Most of you received a “present” from the ABAI in your inbox to start the new year. The Continuous Assessment Program (CAP) has begun. Will this be the savior of MOC? Will the practicing allergist embrace this format of continuous learning or will it lead to the fall of the ABAI? Already, 21 states have passed or considered legislation to protect physicians who choose not to fulfill American Board of Medical Specialties requirements for MOC. My state of Georgia passed the following in March 2017: “maintenance of certification shall not be required as a condition of licensure to practice medicine, staff privileges, employment in certain facilities, reimbursement, or malpractice insurance coverage…”
From talking to allergists around the country, I have seen that there is no doubt that one of the top stresses in the practice of allergy is MOC. In the Medscape Lifestyle Report 2017, which examined the main causes of burnout in all physician specialties, maintenance of certification requirements were rated a 4.0 where, 1 equals "Does not contribute at all" and 7 equals "Significantly contributes”. The highest cause was “Too many bureaucratic tasks” at a 5.0. So, you can see that MOC rates as a major factor in physician burnout.
Will replacing the every 10 year proctored exam with CAP reduce the anxiety of the allergist? The ABAI states that this new program will more closely align with the rapidly changing environment of physician practice. CAP will leverage advances in technology to assess medical knowledge and clinical judgment through a more flexible, continuous, and dynamic model that also incorporates learning into the assessment process.

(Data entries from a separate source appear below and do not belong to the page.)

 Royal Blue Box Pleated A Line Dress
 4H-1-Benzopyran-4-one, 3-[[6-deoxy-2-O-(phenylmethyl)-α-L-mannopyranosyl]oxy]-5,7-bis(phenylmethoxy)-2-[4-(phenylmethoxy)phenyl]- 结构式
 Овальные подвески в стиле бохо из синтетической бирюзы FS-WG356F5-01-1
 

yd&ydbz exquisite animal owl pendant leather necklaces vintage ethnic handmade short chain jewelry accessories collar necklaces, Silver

I can see some positives to this new approach. No doubt this is a more flexible program allowing selection of articles from the recent allergy literature and core questions that are geared for the practicing allergist. On the face of it, this program appears more relevant to learning. The allergist receives 6 hours of CME every 6 months for doing CAP. It is open-book and can be done off and on throughout the 6-month period. Both the College and the Academy will conduct journal clubs covering the articles at their annual meetings. The January/February issue of AllergyWatch covers the articles in the January through June cycle. An upcoming issue will cover the articles in the July through December cycle. This should help in achieving the 80% correct answer rate required for a passing score.

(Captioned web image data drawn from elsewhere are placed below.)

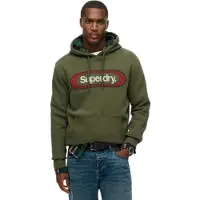 Superdry pour homme. M2014320A Sweat à capuche Vintage Trade Tab vert militaire (M), Casuel, Coton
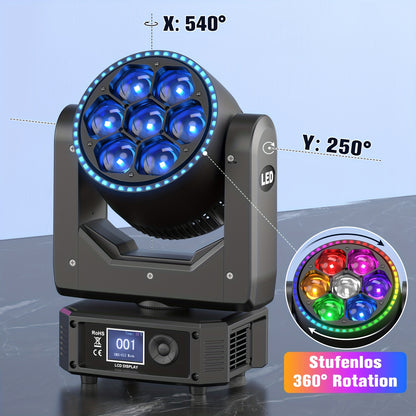 Movinghead – LED Moving Head – Podiumverlichting – Disco Licht – DJ Verlichting – 7x50W RGBW 4-in-1 – Variabele Zoom & Multi Mode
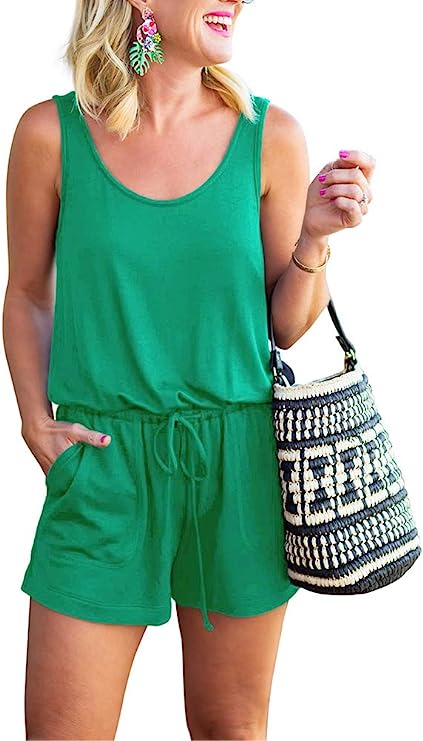Jade Green Summer Scoop Neck Sleeveless Tank Top Short jumpsuit Rompers - ReoRia | Women's Romper & Jumper Suit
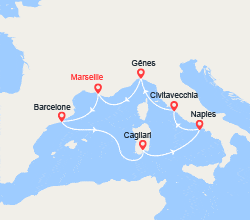 itinéraire croisière Méditerranée Occidentale : Espagne, Italie 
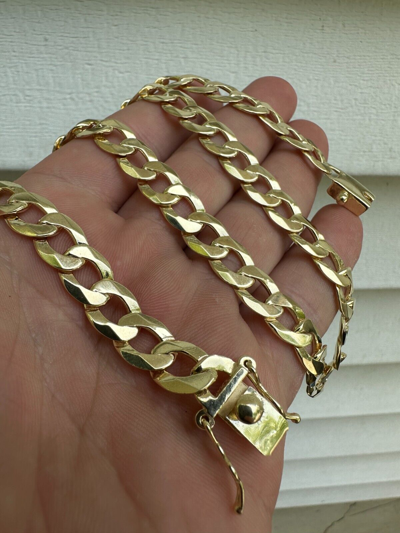 Pre-owned Silver Flat Curb Cuban Link Chain Necklace Real 14k Gold Plated 925  Box Clasp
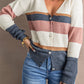 Striped Button Down V-Neck Cardigan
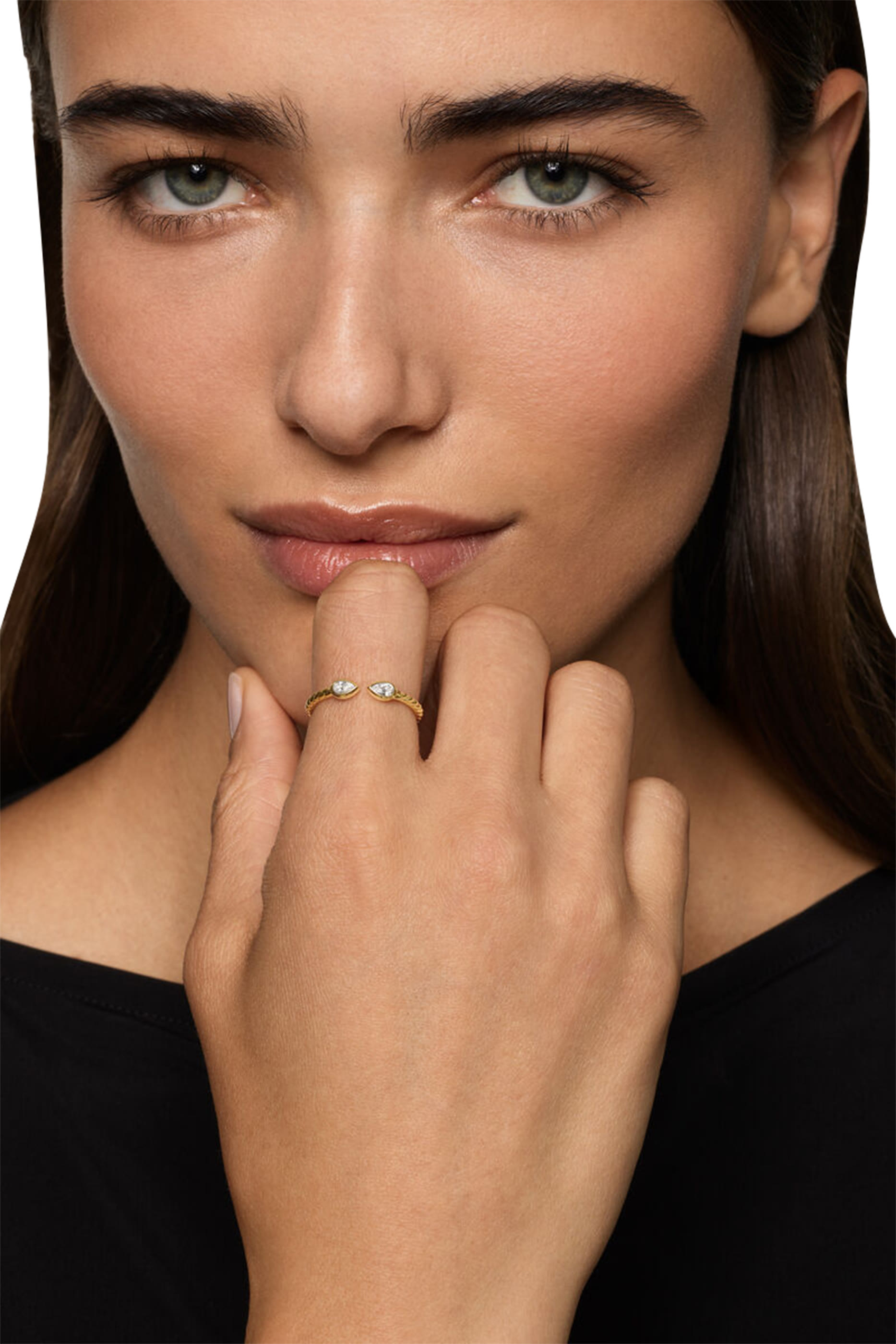 Petite Modern Renaissance&reg; Open Pear Ring, 18K Yellow Gold & Diamonds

But will CAP lead to more angst for the allergist than the once every 10-year proctored examination? Will having to undergo testing on a regular basis be more stressful for the allergist? Will it take more time away from practice and family to fulfill this requirement? Will the core questions truly be relevant for the practicing allergist? When you are taking the test, you get immediate feedback on whether you get the question right or wrong. That could lead to a problem if you believe the question was not clear and/or the answer not correct. When I was on the ABAI writing questions, even when the questions were vetted numerous times, many were discarded after the examination as they were determined to be confusing or could have more than one correct answer. Will the ABAI make sure all questions are clear and straightforward with no chance of ambiguity? And if there is some question, will they be responsive to the physician’s concern. The bottom line is that we still don’t know if CAP, or for that matter any of MOC, makes us better allergists.
Nevertheless, I believe we need to give CAP a chance. The ABAI is trying to improve the MOC process. There is no doubt we don’t want the government to step in and mandate it. Will the allergy community find that CAP is a great way to learn and keep up with the literature, or is this just another burden that can increase the risk of burnout? Let’s see what happens in 2018. It will be important for all of us to give honest feedback to the ABAI about our experience with CAP. It is our specialty, it is our Board, and our voices need to be heard by the ABAI.